God has been doing a lot of really awesome things right now.

For the first time in a long time I meeting with Him daily and really feel that He is there. I am reading Malachi right now and it's speaking to me. I read chapter 1 today and it talked about how God was displeased because instead of brining him the blameless lambs the people we brining him the sick, lame, bad lambs -- and that's not good. But it made me ask, what do I bring God? Do I give him a fraction of my time (sick lamb) while being distracted and thinking I only have 20 minutes before class? Or, do I give him my total attention, with an open heart and a meeting mind (blameless lamb), not really caring if I have to go to class with my hair down because I spent 10 minutes more with my Abba? It's been a really cool thing. Who knew that OT held all that ;)

Something that goes a long with that is I am trying to find a mentor. I really want someone in my life who has been there and can help me... In thinking over the past semester I have come to realize I got so frustrated because I let God go. I can almost pinpoint, to the day, when I stopped meeting with him.

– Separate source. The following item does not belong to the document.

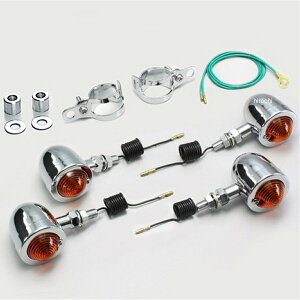 y[J[݌ɂz nP[ ubgECJ[Lbg 00Nȍ~ hbOX^[250 tH[N^Cv IWY 4 HA5533-01 JPX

And that's not to say things weren't bad, but maybe I wouldn't have lost so much because I could have handled it better... When I think back over that time, there is a lot I still don't understand. I don't know why some friendships aren't here, why I can't get over some things, but I know it was worse because God wasn't there. I think it would be really awesome to walk beside a Godly woman who can help me, hold me accountable, and encourage me in this time when all I want to do is escape and the ground beneath me seems like sand...

One really cool note: my Meggie is coming in two days - can I get a woo hoo!?!?!?!